= Sexual field =

Arena of social life where individuals seek intimate partners

A sexual field is an arena of social life wherein individuals seek intimate partners and vie for sexual status. Sexual fields emerge "when a subset of actors with potential romantic or sexual interest orient themselves toward one another according to a logic of desirability imminent to their collective relations and this logic produces, to greater and lesser degrees, a system of stratification" (Green 2014:27). The term builds on Pierre Bourdieu's (1980) concept of field and has been defined as a "set of interlocking institutions" (Martin and George 2006) and an "institutionalized matrix of relations" (Green 2005, 2008, 2011) that confers status upon sexual actors based on individual variation in sexual capital. Relative to those with a sexual capital deficit, actors in possession of sexual capital reap the rewards of the sexual field—including the ability to select desired sexual partners and the acquisition of social significance.

Sexual fields are themselves distinguished by distinct "currencies of erotic capital" (Green 2005, 2008), the latter which are quite variable, acquiring dominance in relation to the collective preferences of players. For example, Green (2005, 2008) argues that the characteristics which confer sexual capital in one field may not in another. Thus, in a gay leather bar, a bearded, stocky white man in his late-thirties dressed in Levi's jeans and a leather jacket will possess an optimal form of sexual capital, whereas the same man in a swanky Martini bar catering to a twenty-something, high-fashion, urban gay customer base will face a sexual capital deficit. This variation in power and status occurs because a gay leather bar and a gay Martini bar are physical sites organized by the logic of two distinct sexual fields with contrasting currencies of sexual capital (Green 2005, 2008)—i.e., distinct "hegemonic systems of judgment" (Martin and George 2006).

For sociological theory, the study of the sexual field in the sexual fields framework offers a framework for analyzing how collective attributions of desire and desirability are shaped by the sexual field itself.
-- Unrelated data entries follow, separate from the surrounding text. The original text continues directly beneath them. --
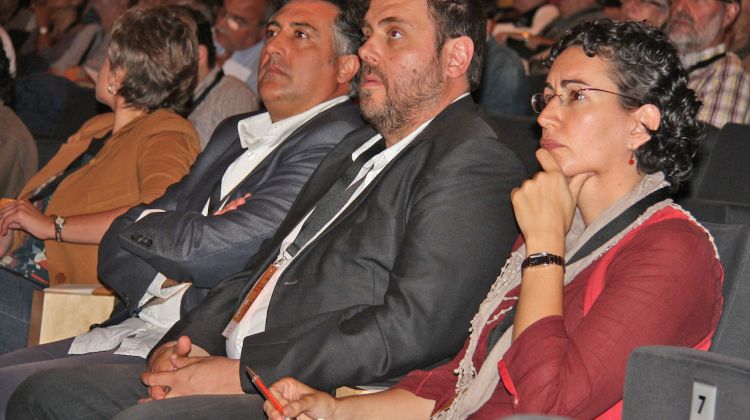 Joan Puigcercós, Oriol Junqueras, Marta Rovira escoltant el discurs de Ridao © ACN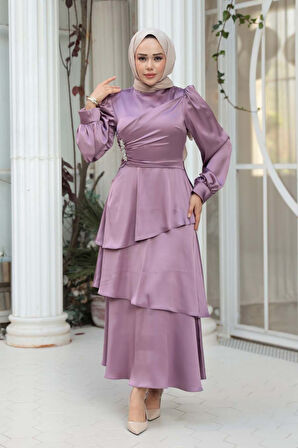 Kat Etekli Gül Kurusu Tesettür Abiye Elbise 62291GK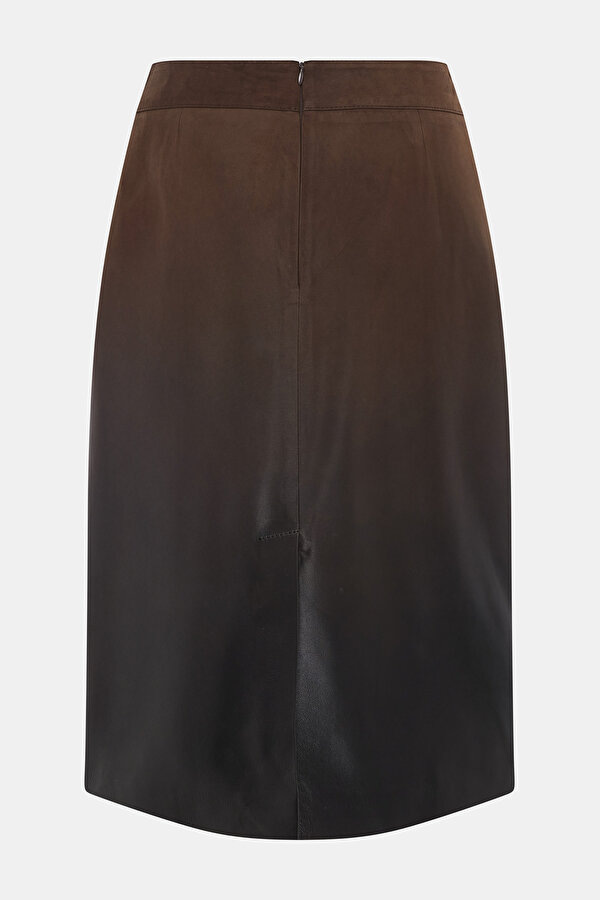 BLACK DEGRADE DESIGN LEATHER SKIRT 6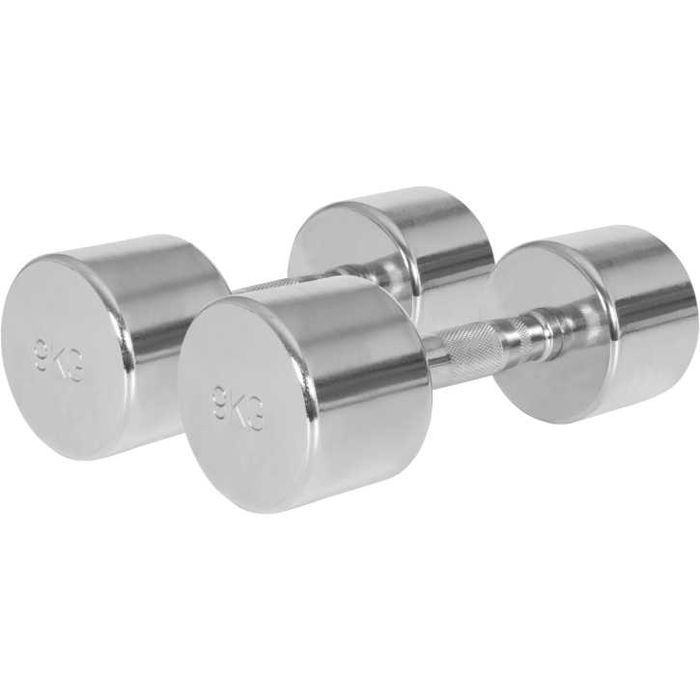 Set de 2 Gantere cromate cu greutate fixa 18 KG - 2 x 9 KG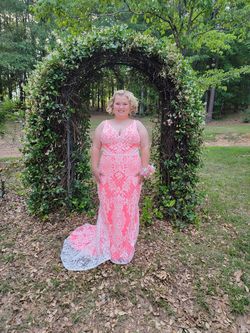 Rachel allen Pink Size 16 Floor Length Shiny Straight Dress on Queenly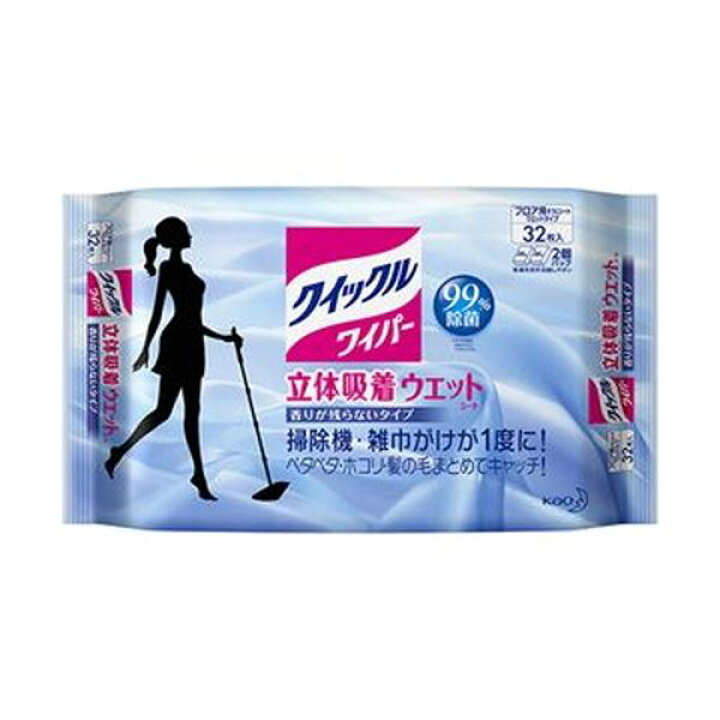 （まとめ）花王 クイックルワイパー立体吸着ウエットシート ストロング 1セット（36枚：12枚×3パック）【×10セット】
That is, rather than see desire and desirability as a simple function of individual wants and judgments, the sexual fields framework suggests that such wants and judgments are the consequence of sexual social life. In this approach, the sexual field acts back on what we find desirable such that desires and desirability are regarded as field effects (Green 2014).

To the extent that sexual stratification is related to but not isomorphic with the structure of alternative fields, so the study of sexual fields cannot be subsumed to the study of an economic or political field, for example. Nevertheless, to the extent that race, class, gender, ethnicity, age and ability, among others, are organizing features of sexual status within a given sexual field, so the relationship of sexual fields to broader historical systems of stratification requires consideration (Green 2005, 2008, 2011. 2014).